Cybercriminals adopt recently patched zero-day exploit in a flash
30 June 2015 | 0
Just four days after Adobe Systems patched a vulnerability in Flash Player, the exploit was adopted by cybercriminals for use in large-scale attacks. This highlights the increasingly small time frame users have to deploy patches.
On 27 June, a malware researcher known online as Kafeine spotted a drive-by download attack done with the Magnitude exploit kit that was exploiting a Flash Player vulnerability patched Tuesday.
The flaw, tracked as CVE-2015-3113 in the Common Vulnerabilities and Exposures database, had zero-day status — that is, it was previously unpatched — when Adobe released a patch for it.
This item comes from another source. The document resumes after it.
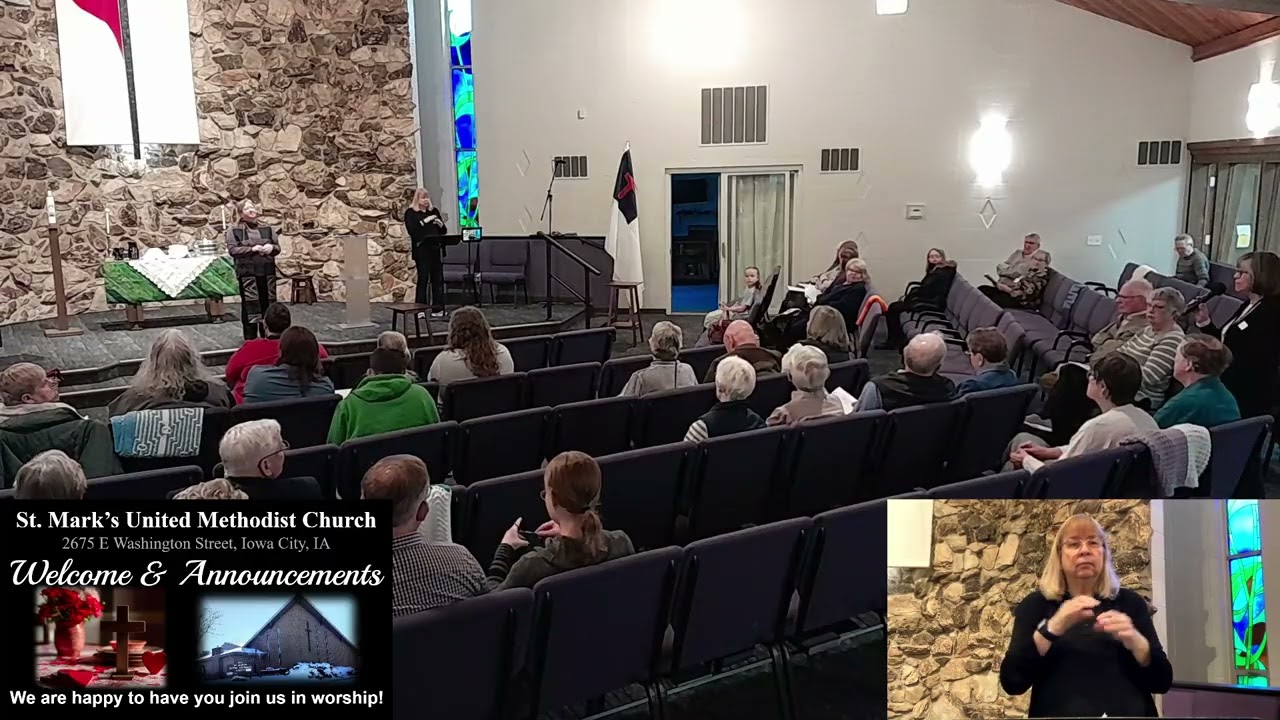Lessons from the Blessed Ones - Sunday Service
It had already been exploited by a China-based cyber espionage group for several weeks in targeted attacks against organisations from the aerospace, defence, construction, engineering, technology, telecommunications, and transportation industries.
It is not unusual to see zero-day exploits for Flash Player and other popular applications being used in highly targeted cyber espionage attacks. That is because the goal of the attackers behind them is to compromise organisations that sometimes have sophisticated defences and to remain undetected for as long as possible.
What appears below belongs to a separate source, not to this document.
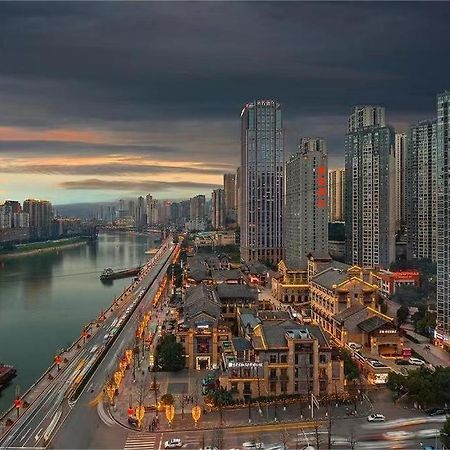 Boutique Of Meditation With Cuisine & Night View, Exit 2 Liujiatai Station Line 9 ฉงชิ่ง ภายนอก รูปภาพ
On the other hand, while zero-day exploits have been used in more indiscriminate, large-scale attacks, such incidents are rare. That is because zero-day vulnerabilities are extremely valuable and it does not make financial sense for attackers to burn them in noisy campaigns where they’ll be very quickly discovered and patched.
Therefore, it’s much more common for the creators of commercial exploit kits like Magnitude to integrate exploits for already patched vulnerabilities. For them it is a numbers game and there is always a large number of users who fail to install updates in a timely manner if at all. But it seems that while computer users have not significantly improved their patching times, the exploit kit creators are aggressively reducing the time they need to integrate exploits.
The new Magnitude attacks left users with only four days to install the Flash Player patch for CVE-2015-3113, a very small time frame especially for organisations that typically deploy updates according to predetermined schedules that are often more than one week apart.
Earlier this year the authors of another exploit kit, Nuclear EK, integrated a Flash Player exploit a week after Adobe patched it, signalling a trend toward increasingly smaller patch windows.
The new Magnitude attacks that exploit CVE-2015-3113, if successful, install the Cryptowall ransomware. However, the payload could be changed by the attackers to something else at any time.